Va más allá del lenguaje. Es algo poderoso: quizá todos los males del mundo afectan a este grupo aislado en el desierto, y aun así, hay algo extraño, casi utópico. Esa es la sensación que me quedó: como un abrazo utópico. La gente siente que me apasiona lo que estoy filmando, y eso me da esperanza en la humanidad. No es distópico ver a una familia cuidando a otros. Incluso en las peores circunstancias, el ser humano puede sacar lo mejor de sí mismo. Espero que no sea solo una idealización mía, ni una proyección. Realmente estamos en un momento de cambio, y esta película es una anticipación de ese futuro. Estamos en tiempos que nos obligan a mirar hacia nuestro interior cada vez más. Queremos cambiar, pero no es sencillo, no tenemos las herramientas necesarias. La transformación es una práctica espiritual real. La vida misma hará el trabajo, nos obligará a cambiar. Tendremos que atravesar un campo minado. Pero, por otro lado, sí hay un problema político, con soldados y todo lo que se ve en la película. Eso es realista, no distópico. Estamos en un momento de decadencia. Estos ravers no escuchan la radio porque saben que se acerca un fin y un reinicio. Quieren que eso ocurra pronto porque la situación actual no funciona. Y lo saben.

Sobre la gran rave musical en la película…

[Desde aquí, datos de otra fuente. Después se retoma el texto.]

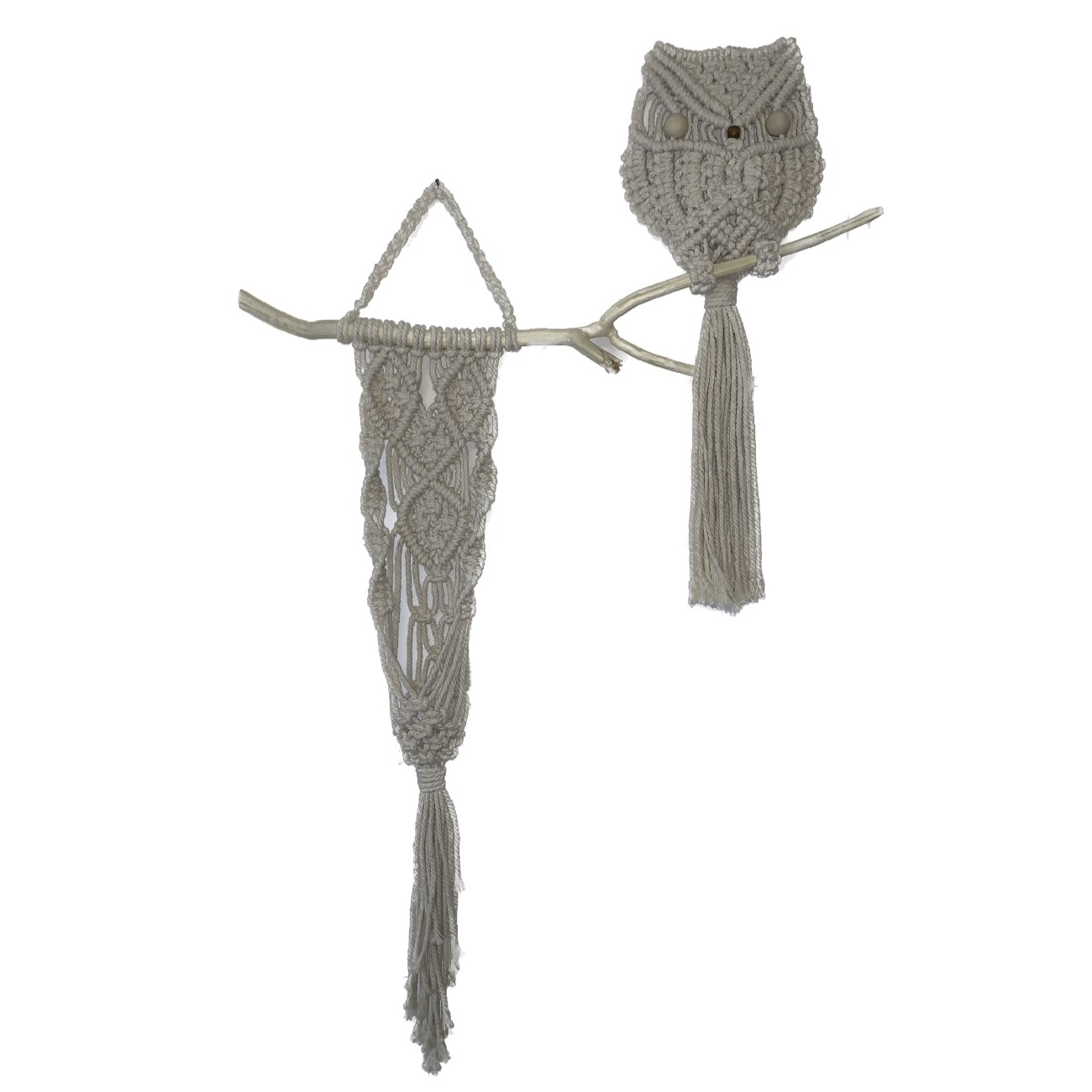Macrame Wall Hanging Tapestry Art Bohemian Model Owl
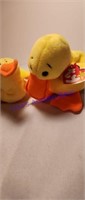 VINTAGE TY BEANIE BABY QUACKERS THE DUCK IN NICE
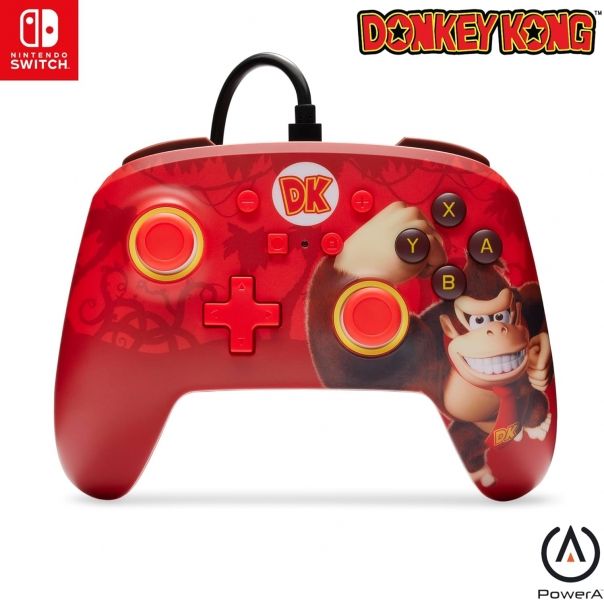 296962_1 PowerA Mando con Cable Enhanced para Nintendo Switch - Donkey Kong Flex - Imagen 1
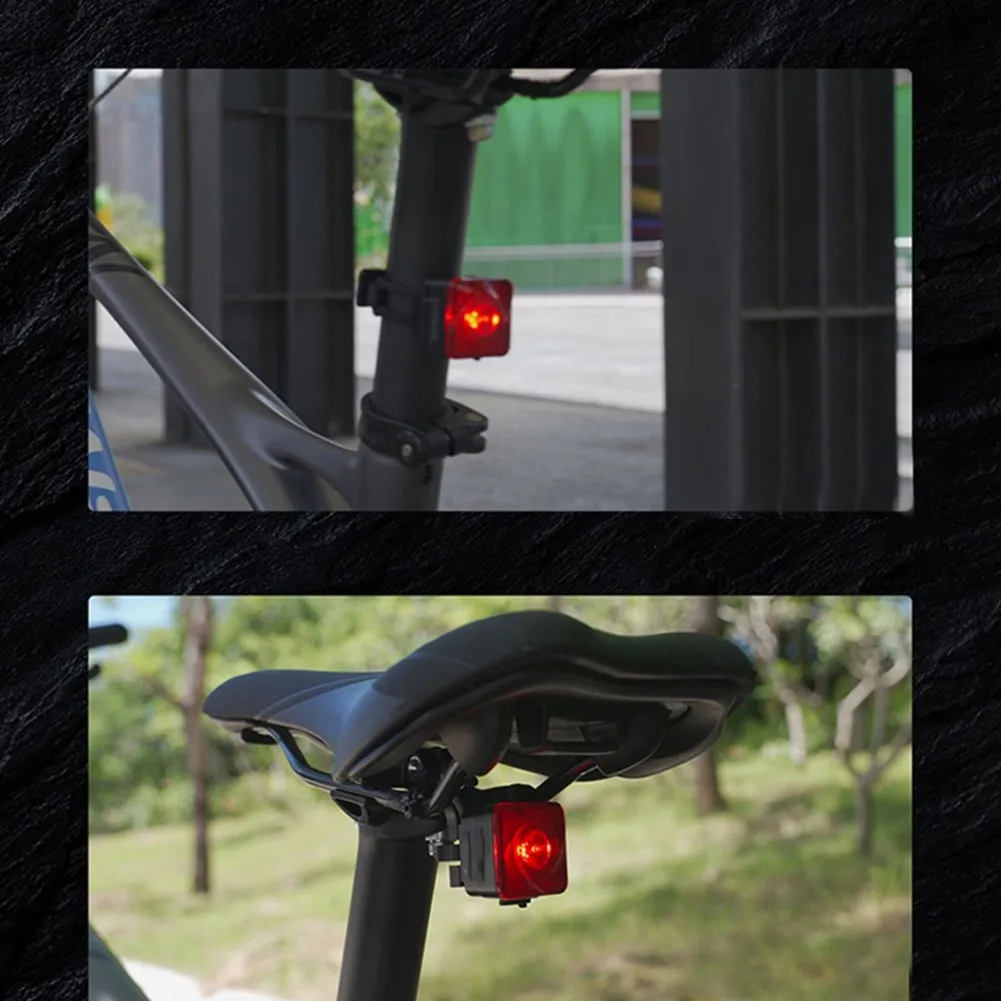 Smart Tail Light For Cycling Smart Brake Sensing Black Bike Tail Light Smart Brake Sensing Motion-activated On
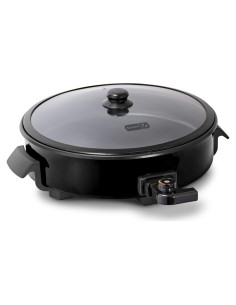Sartén Eléctrica Familiar Dash 14" Antiadherente 1400W - Negro
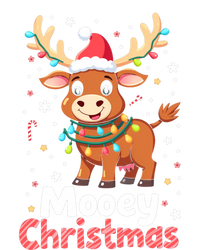 Mooey Christmas Santa Farmer Merry Highland Cow Christmas Gift T-Shirt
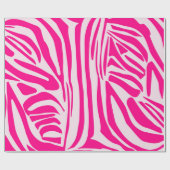 Rosa Zebra Geschenkpapier (Flach)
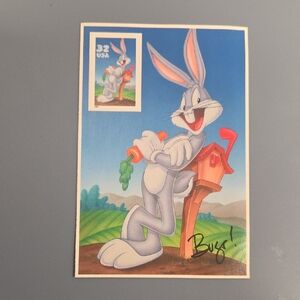 1997 Bugs Bunny USPS 32 Cent Stamp.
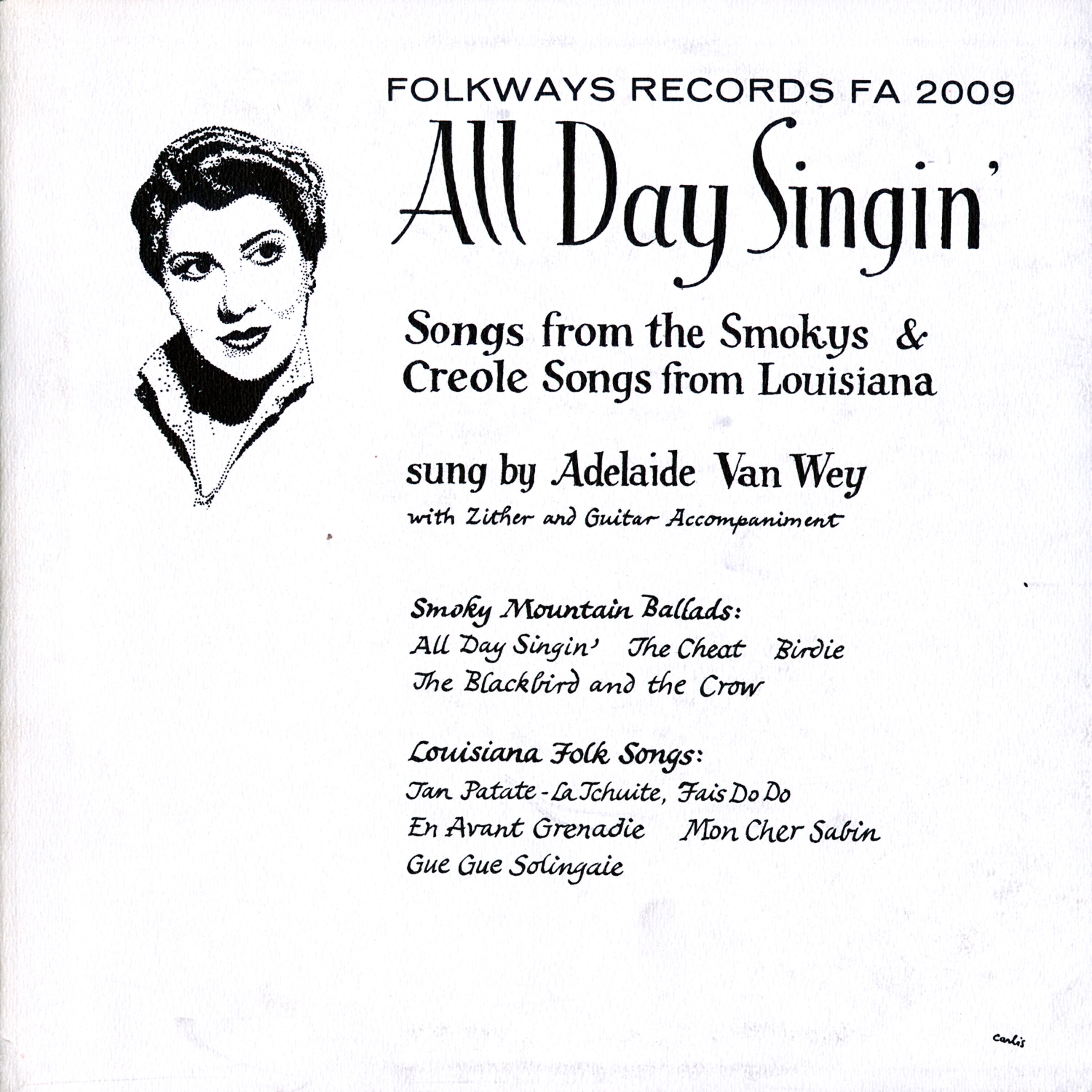 Релиз All Day Singin' - Louisiana and Smoky Mountain Ballads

Al final me di cuenta de que soy punk en cierto sentido, con una radicalidad interior. Cuando rodábamos, en la tercera semana organizamos una fiesta real. Mil personas asistieron, sabían que queríamos filmar, así que todo se coordinó con cuidado. Los dos colectivos que aparecen son muy populares entre los punks, por eso la gente confiaba en la fiesta, porque un punk no iría a un rodaje común. Recuerdo el último día, desde la cima de la montaña que aparece en la película, ver toda la fiesta y pensar: “Dios mío, estás loco, con tus neurosis…”. Fue un momento duro, cuando te ves a ti mismo con todas tus cicatrices. Pero en ese instante entendí qué es una rave: puedes gritar, llorar, pero no dejes de bailar. Escuchaba el ritmo y lloraba y bailaba a la vez. Creo que eso refleja al ser humano: somos imperfectos, pero seguimos adelante. Necesitamos esas emociones.

Los raves son un fenómeno global que para muchos resulta difícil de comprender, y que ya no se puede atribuir solo a impulsos juveniles. ¿Cómo llegaste a explorar ese tema?

Estoy en casa, en Marruecos, y eso es un verdadero regalo. Siempre busco desafíos y me gusta llevar las cosas al límite. Creo que mi forma de ser, al menos hasta donde sé, es temeraria. No suelo calcular demasiado, actúo con valentía. El paisaje de Marruecos tiene una dimensión casi metafísica y mitológica que me inspira profundamente.